Shareholder expenses are total operating expenses, which are reflected in the fund’s share price and are not charged directly to the shareholder.
The fees and expenses charged to shareholders may vary from one mutual fund company to another. Understanding the fees and expenses associated with your mutual fund is important because it can have a material impact on your investment returns.
Front-End Sales Charge is a one-time fee imposed at the time of purchase. Front-end sales charges can range from 2% to 8%, and are deducted from the initial amount invested. By law a sales charge may not exceed 8.5%. The sales charge is generally considered compensation for assistance received from a financial advisor.
Contingent Deferred Sales Charge (CDSC) also called a Back-End Sales Charge, is a one time fee that you pay if you redeem your shares within a certain number of years. The CDSC declines year after year until it eventually disappears, typically after six years.

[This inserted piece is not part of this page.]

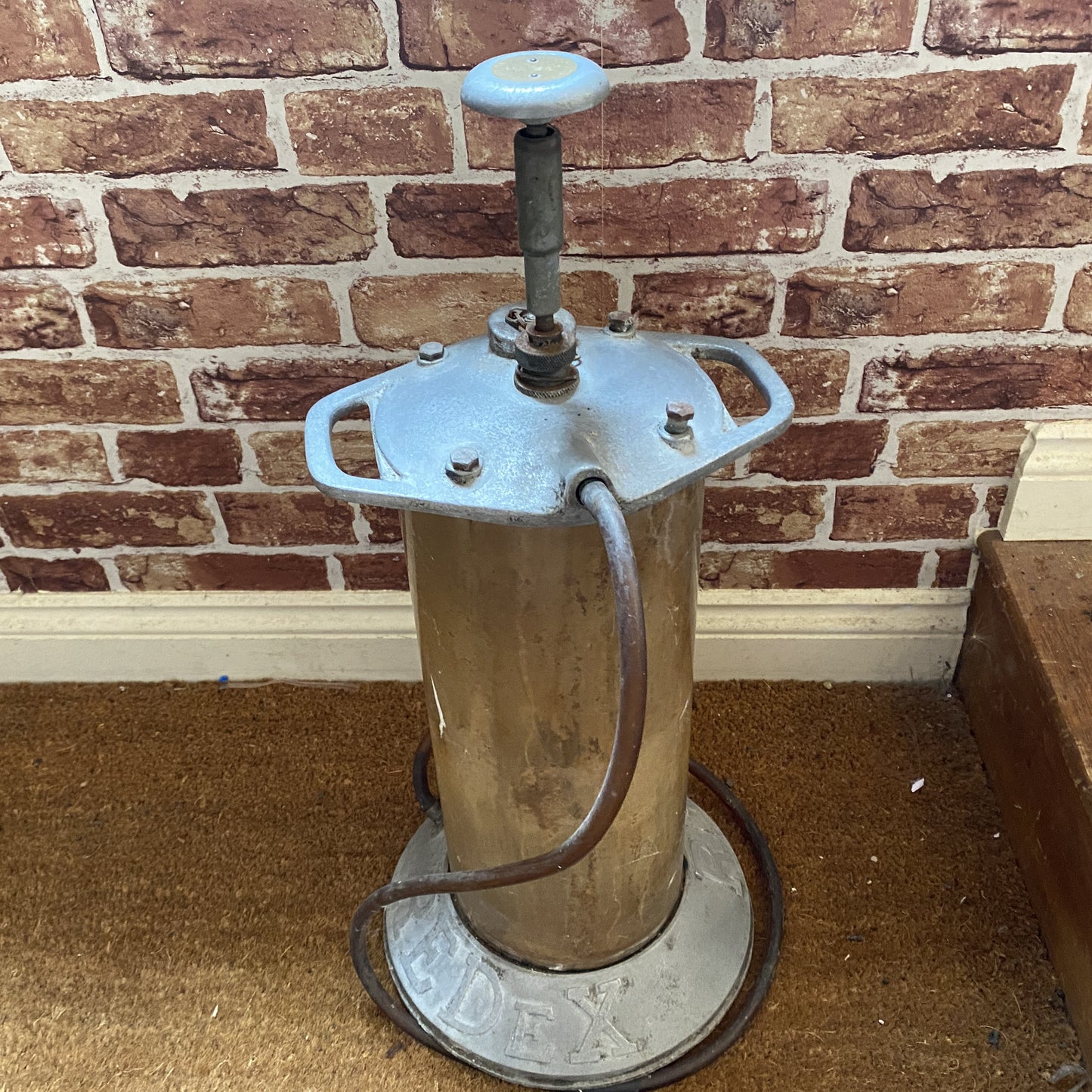 REDEX DISPENSER #5696 image 1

Management Fees cover the costs of professional asset management and services, maintaining shareholder records and furnishing shareholder reports and statements. All mutual funds, regardless of whether they impose a sales charge, have management and operating expenses.
12b-1 Fees cover the cost of advertising, sales literature and other distribution expenditures. Under SEC regulation, a fund’s 12b-1 fee cannot exceed 0.75% and a no-load fund’s 12b-1 fee cannot exceed 0.25%.
Information about mutual fund fees and expenses can be found in the fund company’s prospectus.